Bring back the birch, please

Having revealed himself on the opening night of the IPL to be a tit man, Ravi Shastri revealed to the world this week that he's also a fan of good old corporal punishment.

Shastri and Tony Cozier were on air together and were commenting on Sreesanth's remarkable success in the tournament following his fracas with Harbhajan (henceforth referred to as "the slap"). Shastri argued that Sreesanth had been in urgent need of sorting out (not many would disagree up to this point) and that his attitude had become unacceptable. He then said that the slap was exactly what Sreesanth had needed and that it had resulted in him becoming a more mature person. He concluded by saying that sometimes you need to hit someone for them to learn.
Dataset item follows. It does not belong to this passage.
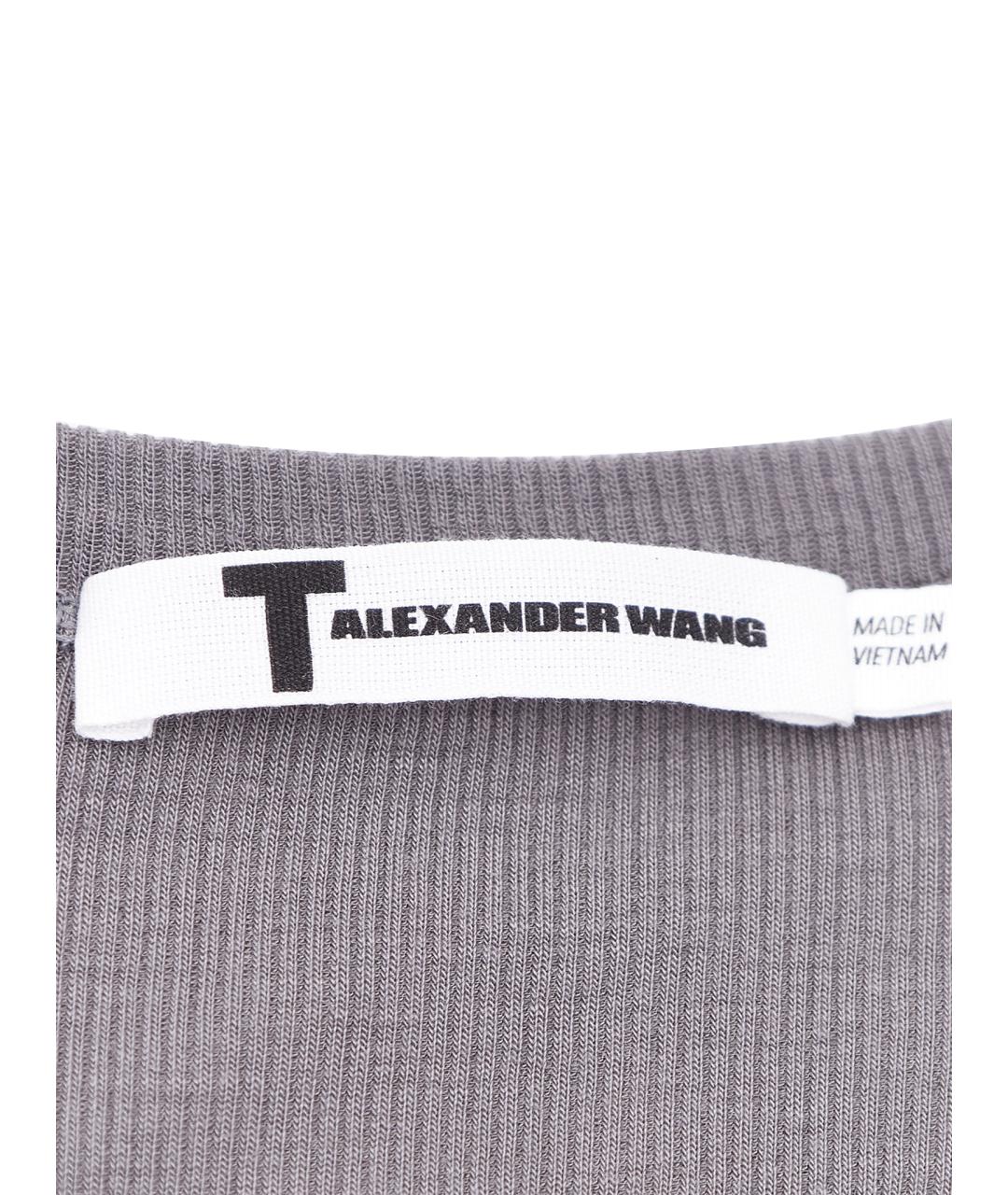 ALEXANDER WANG Серое хлопковое платье, фото 7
Cozer diplomatically agreed: "Just like the little slaps our parents gave us when we crossed the line." Ranjit Fernando came on air next and said that Harbhajan might actually have done Sreesanth a favour by hitting him. Three days later Aamir Sohail also brought the isse up, citing Shasti and Fernando's analysis as being accurate.

I have some (a tiny amount) of sympathy for Cozier in expressing this sentiment- after all, he is 71 and of a generation that was so routinely beaten in school and at home that it came to be regarded as common and natural, and not as it is rightly regarded now: sociopathic and completely unacceptable. Shastri, who is 46, should know better. The idea that violence is the way to deal with disagreements has no place on the sporting field (a form of both playground and, especially in the IPL, workplace), just as it has no place in schools or in society. If such things did not pass unnoticed, the BCCI would surely have been a little embarrassed at this interpretation of an incident that they regarded as a PR disaster.

In an earlier post I claimed that Shastri, for all his leering, was the best Indian cricket commentator. I now have to recant that statement entirely.